Geben wir uns also dem Gehorsam hin. Von unseren drei Gelübden ist der Gehorsam das, das die zwei anderen beherrscht und einschließt. Liefern wir uns ihm freilich nicht ganz und restlos aus, so verlieren wir bloß unsere Zeit. Nach langen Jahren Erfahrung sehen wir ein, dass das, was wir aus uns selbst gemacht haben, wenig wert ist, und dass wir dies wenige auch noch schlecht gemacht haben.
Die Oblaten sollen sich dem Oberen offenbaren: das geschieht in der sogenannten Rechenschaft. Dabei handelt es sich einzig und allein um solche Sünden, die eine Verletzung der hl. Regel nach sich ziehen. Was die einzelnen Verstöße gegen die Satzungen betrifft, die ja aus sich heraus keine Sünden sind, so bilden auch sie nicht Gegenstand der Rechenschaft. Rechenschaft bedeutet somit nicht, sich in Einzelheiten einzulassen, sondern darum, Vertrauen zu schöpfen beim Vorgesetzten und Novizenmeister: man offenbart ihm kindlich (Anm.: „im frz. Originaltext ‚naivement‘ genannt.“) die Gedanken seines Inneren. Dieser zweite Grundsatz ist die Folge des ersten, und auf diese beiden Säulen sollen wir uns nach Franz v. Sales gründen: Gehorsam und Vertrauen dem Oberen gegenüber!

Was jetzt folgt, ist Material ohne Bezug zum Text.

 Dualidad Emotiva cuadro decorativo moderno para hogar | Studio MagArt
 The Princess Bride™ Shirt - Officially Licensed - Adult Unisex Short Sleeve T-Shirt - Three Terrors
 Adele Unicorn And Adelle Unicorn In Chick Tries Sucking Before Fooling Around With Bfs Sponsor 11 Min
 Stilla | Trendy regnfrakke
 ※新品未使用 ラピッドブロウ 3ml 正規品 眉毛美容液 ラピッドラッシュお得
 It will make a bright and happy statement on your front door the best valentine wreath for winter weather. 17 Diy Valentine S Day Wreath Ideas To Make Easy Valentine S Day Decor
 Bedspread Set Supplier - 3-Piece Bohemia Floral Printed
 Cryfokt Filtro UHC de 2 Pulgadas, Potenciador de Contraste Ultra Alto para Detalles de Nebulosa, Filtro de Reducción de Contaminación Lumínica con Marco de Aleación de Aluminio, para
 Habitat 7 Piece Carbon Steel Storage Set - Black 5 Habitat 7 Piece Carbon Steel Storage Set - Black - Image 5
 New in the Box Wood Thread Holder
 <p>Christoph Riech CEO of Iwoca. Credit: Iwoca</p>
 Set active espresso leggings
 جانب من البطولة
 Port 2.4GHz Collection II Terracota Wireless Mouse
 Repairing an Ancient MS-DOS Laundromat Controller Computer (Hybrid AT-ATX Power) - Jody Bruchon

„Der Oblate strebe ohne Unterlass nach der wahren und aufrichtigen Herzensdemut.“ Unser hl. Stifter sagt nicht Demut des Geistes, sondern des Herzens. Nehmen wir ein Beispiel: Da ist ein Mensch voll Wissen und Gelehrsamkeit. Sein Geist unterwirft sich nur schwer, da er sich kaum dazu überreden kann, er sei unwissend. Darum soll er sich im Herzen verdemütigen, indem er zu sich sagt: Ich habe gute Einsichten, das ist wahr, vor Gott aber bin ich deshalb nicht weniger schuldig. Ich will darum freudig alle Demütigungen annehmen, die mir begegnen, als mein Los, als etwas, was mir zukommt und gebührt. Seht ihr, in diesem Sinn müssen wir nach Demut streben. Manche meinen, um demütig zu werden, müsse man Gewaltakte verrichten, um sich einzureden, man sei den anderen unterlegen, während man ihnen doch offenkundig in gewissen Punkten überlegen ist. Nein, sondern praktizieren wir die Demut, indem wir mit Freude die Demütigungen annehmen. Das ist nicht immer leicht, das geht gegen unsere Natur. Dadurch aber ahmen wir unseren Herrn nach, der nicht die Demut des Geistes haben konnte, sondern in vortrefflicher Weise die Demut des Herzens geübt hat.
Gehorsamserteilung:
Während der Woche empfahl uns unser Vater, der klösterlichen Observanz treu z sein. Wir sollten dies aufopfern für unsere Verwandten, die nach Franz v. Sales einen breiten Platz in unseren Gebetsanliegen einnehmen sollen. Wir sollten es ferner tun für die Seelen, die uns anvertraut sind, weil wir dazu ausdrücklich verpflichtet sind. Er legte uns ans Herz, auch die geringsten Vorschriften der hl. Regel ernst zu nehmen, weil wir gerade dadurch Gott gefallen.